I'm still mulling over Batman 2: The Dark Knight. Yes, I know, that's not the name of the movie but I can't stand these sequels that take on their subtitles as their names (with the exception of the Star Wars films, perhaps.
I'm not as in love with The Dark Knight as everyone else, it seems. Most of my friends and coworkers are still catching their breath after seeing it opening weekend.
I found it to be a very mature comic book-based movie, perhaps one of the most adult comic film I've seen even topping R-rated fare; and I'm not talking butts, blood, and boobies when I mean "adult". It's definitely not a kiddie film and I appreciate that.

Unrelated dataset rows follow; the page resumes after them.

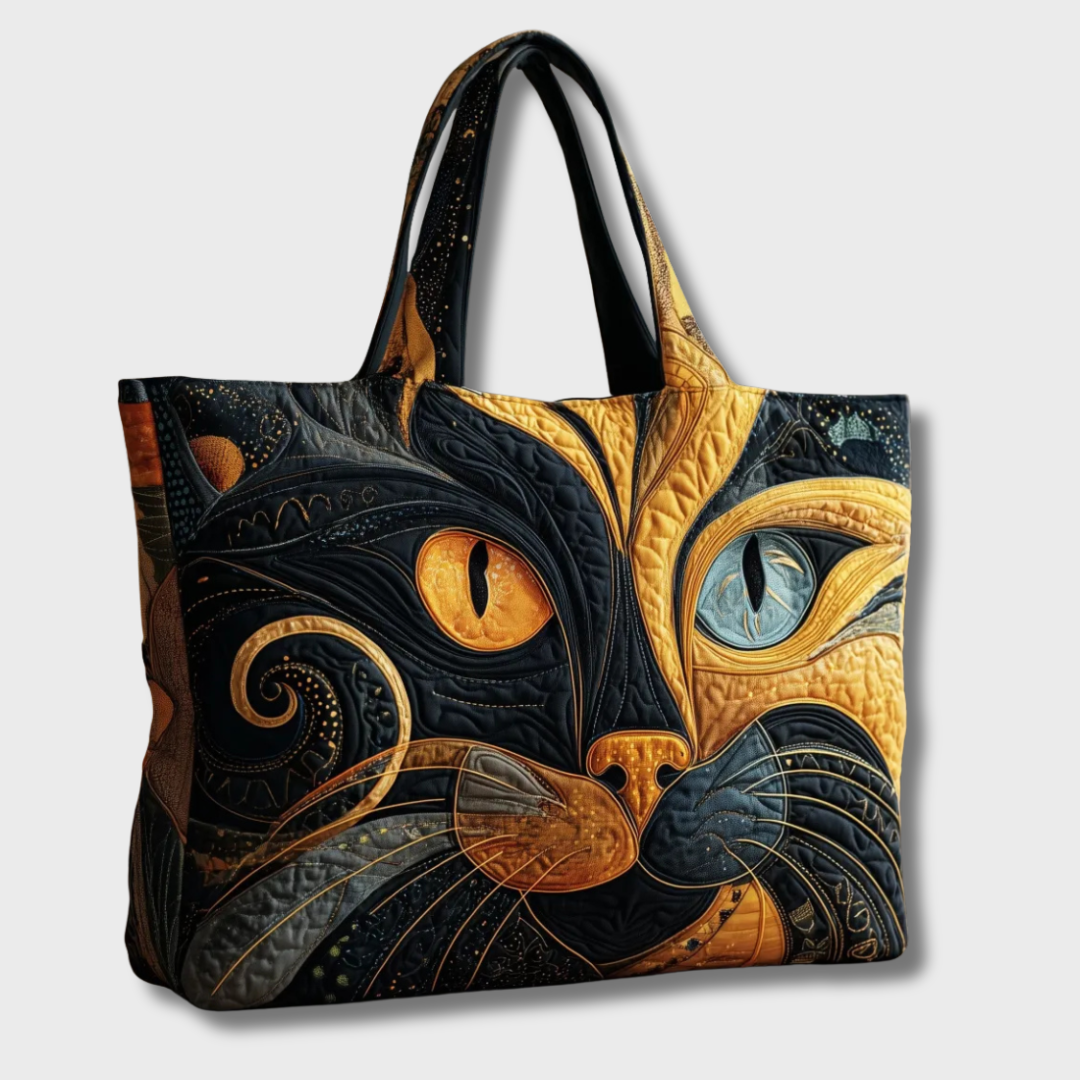 Freya | Soft Artisan Daily Bag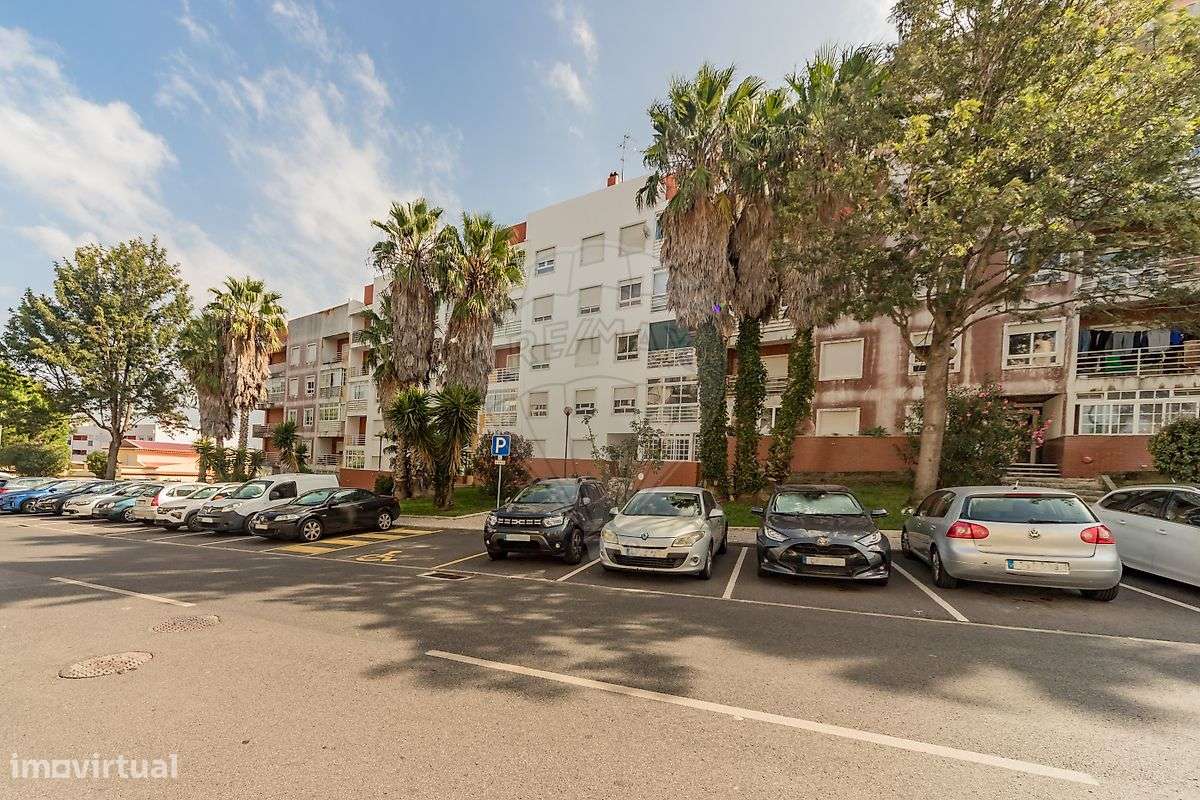 Apartamento T2 para venda-28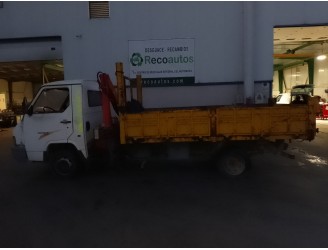 nissan trade del año 1996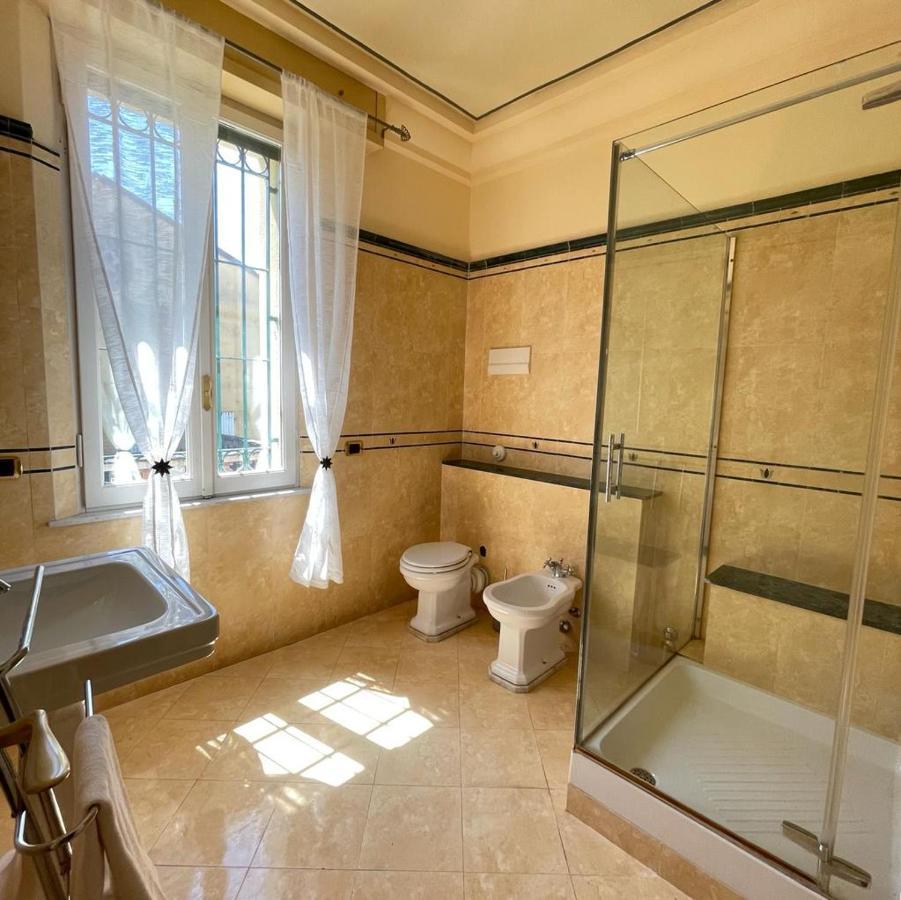 Villa Peonia Parma Eksteriør billede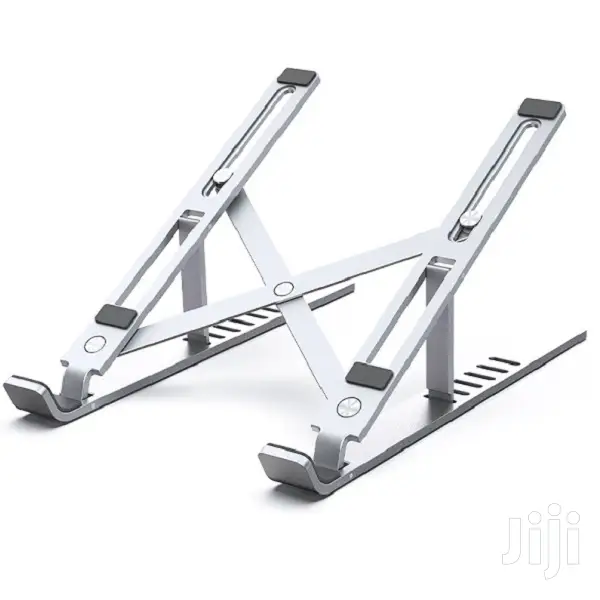 Vention Tablet/ Laptop Stand Holder Slivery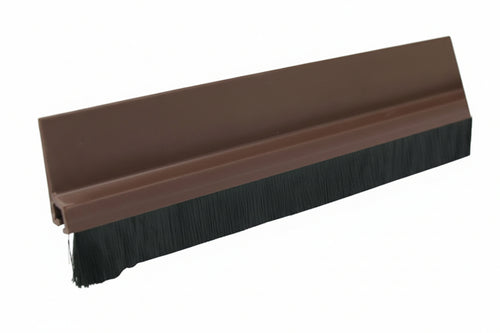Parafreddo Rigido Per Porte- - Cm.100 Colore Trasparente - 10 Pezzi Xtra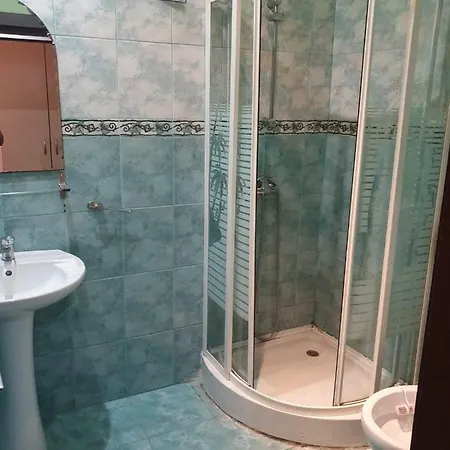 Penzion Vila Gugi *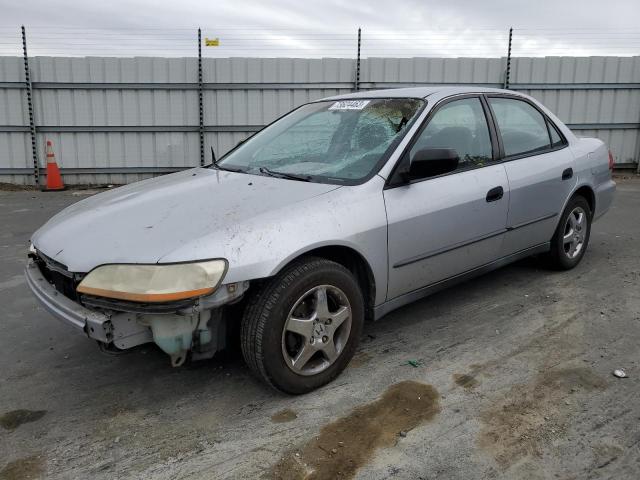 HONDA ACCORD 2000 1hgcf8543ya048413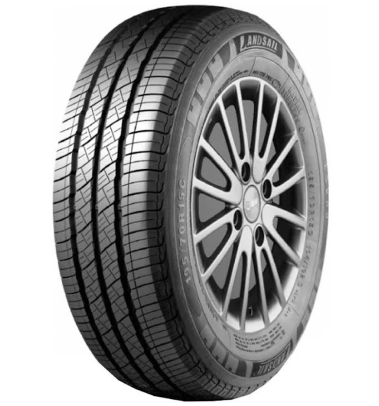 Landsail LSV88 185/80 R14 102/100R летние импортные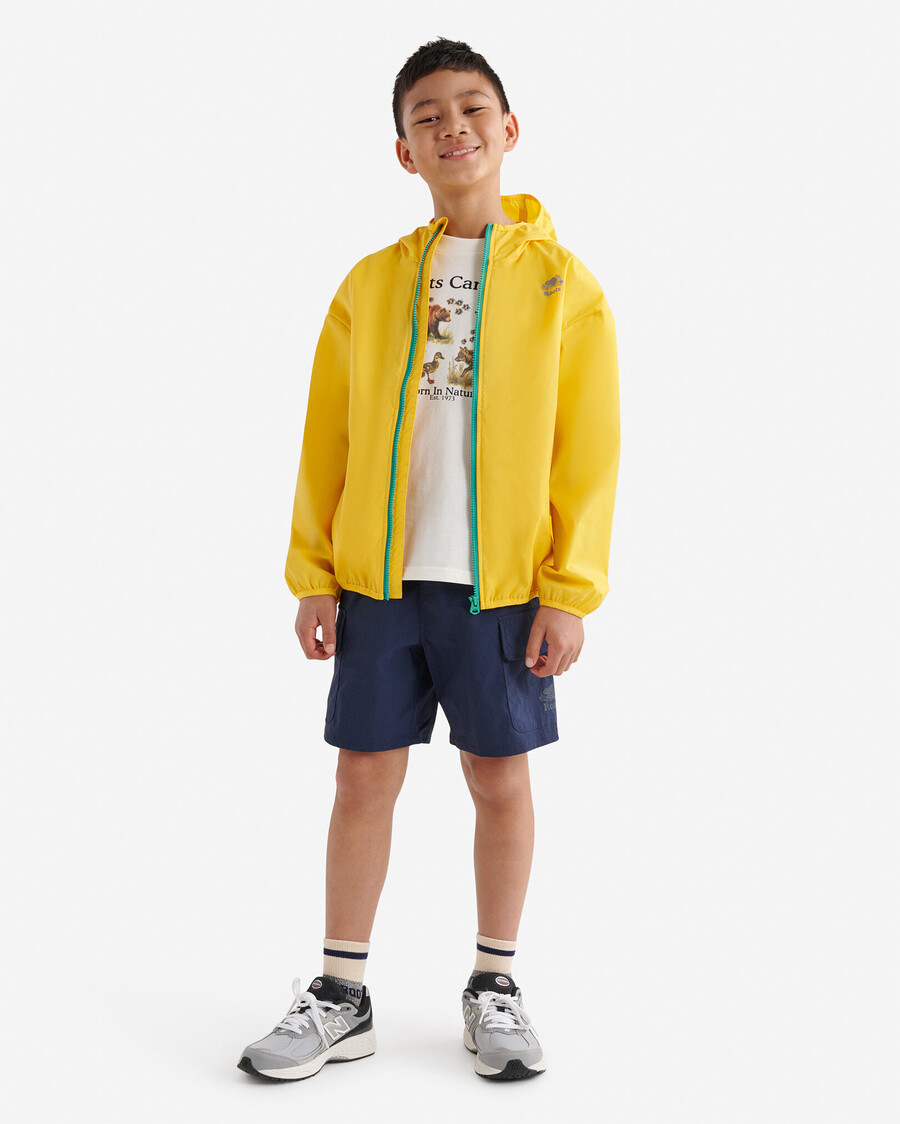 kinder hybrid cargo short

The thing I liked the most about the film is the building of character, namely Harvey Dent (Aaron Eckhart). In any other comic book movie, Dent would be transformed to Two Face within the first twenty minutes (a la Tommy Lee Jones in Batman Forever). Likewise, I enjoyed how enigmatic The Joker (Heath Ledger) was. We were saved the "origin story" and given various lies instead. Director/co-writer Christopher Nolan realizes that not understanding this embodiment of anarchy is what gives him his true terror.
The Dark Knight is a refreshing sophomore superhero film. Too often they follow the formula:
- villain origin
- what the superhero's been up to since the last film
- villain plans to "conquer the world"
- superhero's love life
- villain pulls minor crime / superhero discovers villain's existence
- superhero threatens villain's livelihood
- villain kidnaps superhero's love interest
- finale / resolution
You'll see many of those elements in The Dark Knight but not so many as, say, Spiderman 3. Oddly, you'll also see some of those in Spiderman 2 but that film really worked for me. Otto Octavius wasn't as dynamic a character as Harvey Dent but he was definitely far more than a cardboard cutout. As I write this I can't help but hold up Venom (Topher Grace), Sand Man (Thomas Hayden Church), The Riddler (Jim Carrey), Two Face (Tommy Lee Jones), Poison Ivy (Uma Thurman), and Mr. Freeze (Arnold Schwarzenegger) as just being some of the worst screen villains in memory.
And what didn't I like about The Dark Knight? Why am I not raving and foaming at the mouth about the film? Perhaps it's the lack of screentime for Batman (the movie really belonged to Harvey Dent and The Joker). I'm working on figuring it out.